◆ Exercise brief
Out of the data below, copy every line with the string "this".

◆ Records provided

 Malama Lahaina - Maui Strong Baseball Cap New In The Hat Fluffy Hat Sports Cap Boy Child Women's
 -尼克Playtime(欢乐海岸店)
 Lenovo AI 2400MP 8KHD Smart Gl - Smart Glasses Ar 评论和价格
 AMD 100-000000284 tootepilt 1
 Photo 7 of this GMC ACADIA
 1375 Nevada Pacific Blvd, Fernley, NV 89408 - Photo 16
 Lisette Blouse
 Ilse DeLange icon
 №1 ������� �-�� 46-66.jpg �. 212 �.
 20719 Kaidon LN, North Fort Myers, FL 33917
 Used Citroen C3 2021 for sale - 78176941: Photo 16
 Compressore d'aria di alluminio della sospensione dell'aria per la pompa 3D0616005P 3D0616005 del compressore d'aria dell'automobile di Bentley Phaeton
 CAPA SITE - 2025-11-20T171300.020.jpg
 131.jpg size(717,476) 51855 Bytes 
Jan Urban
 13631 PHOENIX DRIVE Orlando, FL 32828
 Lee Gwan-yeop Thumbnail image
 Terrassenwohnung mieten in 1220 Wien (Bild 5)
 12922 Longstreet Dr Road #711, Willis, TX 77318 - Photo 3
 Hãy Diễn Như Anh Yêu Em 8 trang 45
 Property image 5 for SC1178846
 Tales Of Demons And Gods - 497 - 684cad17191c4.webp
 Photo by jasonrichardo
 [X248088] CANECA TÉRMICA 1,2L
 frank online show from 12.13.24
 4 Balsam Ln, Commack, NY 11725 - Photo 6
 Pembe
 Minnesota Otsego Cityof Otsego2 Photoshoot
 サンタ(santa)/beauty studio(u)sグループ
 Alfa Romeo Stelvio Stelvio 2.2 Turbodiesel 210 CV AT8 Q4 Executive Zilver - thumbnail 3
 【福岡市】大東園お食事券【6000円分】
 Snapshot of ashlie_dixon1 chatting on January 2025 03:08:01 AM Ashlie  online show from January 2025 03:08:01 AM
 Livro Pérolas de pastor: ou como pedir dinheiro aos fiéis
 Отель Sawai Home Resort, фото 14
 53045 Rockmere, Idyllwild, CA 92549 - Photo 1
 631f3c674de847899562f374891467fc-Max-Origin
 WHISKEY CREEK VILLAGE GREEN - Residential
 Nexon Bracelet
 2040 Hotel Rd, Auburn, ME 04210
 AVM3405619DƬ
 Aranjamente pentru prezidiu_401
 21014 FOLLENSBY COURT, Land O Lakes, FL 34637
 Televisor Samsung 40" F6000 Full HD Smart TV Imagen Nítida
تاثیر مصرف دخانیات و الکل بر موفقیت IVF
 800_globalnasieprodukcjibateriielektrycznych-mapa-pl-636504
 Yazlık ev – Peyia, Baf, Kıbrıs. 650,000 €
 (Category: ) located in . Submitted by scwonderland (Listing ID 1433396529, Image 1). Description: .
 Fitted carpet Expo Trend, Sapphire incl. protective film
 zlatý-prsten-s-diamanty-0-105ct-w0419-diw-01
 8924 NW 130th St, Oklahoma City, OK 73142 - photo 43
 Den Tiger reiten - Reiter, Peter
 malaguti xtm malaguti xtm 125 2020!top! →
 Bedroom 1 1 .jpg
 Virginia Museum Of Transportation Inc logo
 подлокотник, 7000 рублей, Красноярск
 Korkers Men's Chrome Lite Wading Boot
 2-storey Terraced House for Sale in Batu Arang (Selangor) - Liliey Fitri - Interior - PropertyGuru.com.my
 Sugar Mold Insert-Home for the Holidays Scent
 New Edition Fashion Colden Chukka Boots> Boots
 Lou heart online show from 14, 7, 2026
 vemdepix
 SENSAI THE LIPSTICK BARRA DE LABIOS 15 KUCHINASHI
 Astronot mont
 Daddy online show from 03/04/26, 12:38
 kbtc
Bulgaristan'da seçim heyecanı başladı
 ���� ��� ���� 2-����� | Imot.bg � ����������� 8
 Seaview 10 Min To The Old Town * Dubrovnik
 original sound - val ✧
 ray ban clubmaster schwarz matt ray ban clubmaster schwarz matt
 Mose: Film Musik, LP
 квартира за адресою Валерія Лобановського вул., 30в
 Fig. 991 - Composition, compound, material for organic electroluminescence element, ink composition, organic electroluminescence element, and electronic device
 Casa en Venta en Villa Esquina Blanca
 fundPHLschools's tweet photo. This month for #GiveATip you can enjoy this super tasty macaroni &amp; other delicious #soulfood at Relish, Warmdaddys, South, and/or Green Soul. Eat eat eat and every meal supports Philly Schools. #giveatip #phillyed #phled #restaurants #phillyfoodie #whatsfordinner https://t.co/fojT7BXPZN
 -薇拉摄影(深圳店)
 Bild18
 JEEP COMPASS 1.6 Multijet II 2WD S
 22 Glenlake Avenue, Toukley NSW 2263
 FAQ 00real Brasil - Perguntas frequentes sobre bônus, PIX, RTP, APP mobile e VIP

◆ Output
 Photo 7 of this GMC ACADIA
 fundPHLschools's tweet photo. This month for #GiveATip you can enjoy this super tasty macaroni &amp; other delicious #soulfood at Relish, Warmdaddys, South, and/or Green Soul. Eat eat eat and every meal supports Philly Schools. #giveatip #phillyed #phled #restaurants #phillyfoodie #whatsfordinner https://t.co/fojT7BXPZN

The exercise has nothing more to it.